In the Heller majority opinion, Justice Antonin Scalia noted that the Second Amendment would not call into question existing restrictions on automatic weapons. Heller’s dicta suggests that an analysis could be developed to protect core Second Amendment interests (personal protection and other purposes) while still allowing some regulation of firearms technology on public safety grounds. Such an analysis would likely entail applying some sort of scrutiny-based framework to questions about firearms technology. This kind of framework might look upon wide-ranging gun bans with skepticism, and instead offer support to tiered regulations that cover limited classes of arms (machine guns, for instance) that are peripheral to securing the basic purposes of the right.
Post-Heller review of Second Amendment cases
Subsequent to Heller, lower courts have been busy reviewing firearm cases of all types. For instance, appellate courts in Maryland and Illinois have been split in their review of concealed-carry laws. The 7th Circuit Court of Appeals held that an Illinois ban on concealed-carry activities violated the Second Amendment, while the Fourth Circuit upheld Maryland’s concealed-carry regulations.
The “standard of review” question was addressed by the Fifth Circuit Court of Appeals late last year, in the NRA v. BATFE case. The case centered on a federal law that prohibited the sale of firearms to persons under 21 years of age. In NRA, three plaintiffs sued the federal government, claiming that the law violated the Second Amendment and the equal protection clause of the Fifth Amendment. The appellate court subsequently affirmed the judgment of the district court, which ruled in favor of the government.

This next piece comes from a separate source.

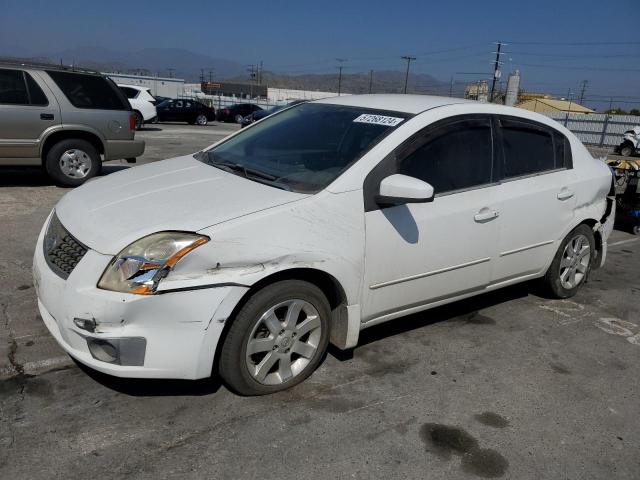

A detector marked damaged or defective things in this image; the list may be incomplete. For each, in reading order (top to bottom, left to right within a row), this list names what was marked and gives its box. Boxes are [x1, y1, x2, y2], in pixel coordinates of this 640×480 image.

cracked headlight [97, 232, 209, 294]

More to the point, the NRA v. BATFE decision indicated that Second Amendment analysis should involve a “two-step” process that first reviews a claim to see if it includes “conduct that falls within the scope of the Second Amendment” and then makes a determination about whether such conduct should be reviewed under “strict” or “intermediate” scrutiny. This type of multi-level framework may make it ripe for wider adoption.
In the wake of Heller and McDonald, courts have much to address regarding questions of firearms ownership and access. Background checks, private sales, and other issues that regulate the ability to keep or acquire arms pose intricate questions, as do other Constitutional issues outside of the Second Amendment. Federal weapons bans that bar possession absent an interstate sale may implicate the Commerce Clause, for instance.
What is clear from the application of other rights-based case law is that the Second Amendment must have substance, but at the same time it is not limitless. Discerning its boundaries is important for establishing clarity in both the public safety and individual rights contexts. In emotionally charged and tragic times, political bodies are sometimes unable to arrive at the proper balance between the two, leaving courts to make further determinations and refinements.
Here, too, we ought to tread carefully, for our constitutional rights do not exist in isolation, but rather within an interconnected tapestry. Case-law determinations about the interpretation and extent of any right can stretch beyond a single category, and can impact the overall balance of power between citizens and the state. In times of turmoil, these are developments that we all must watch closely.
Matt Ehling is a St. Paul-based writer and television producer. He is the president of Public Record Media (PRM), a media organization that seeks out and publishes government documents.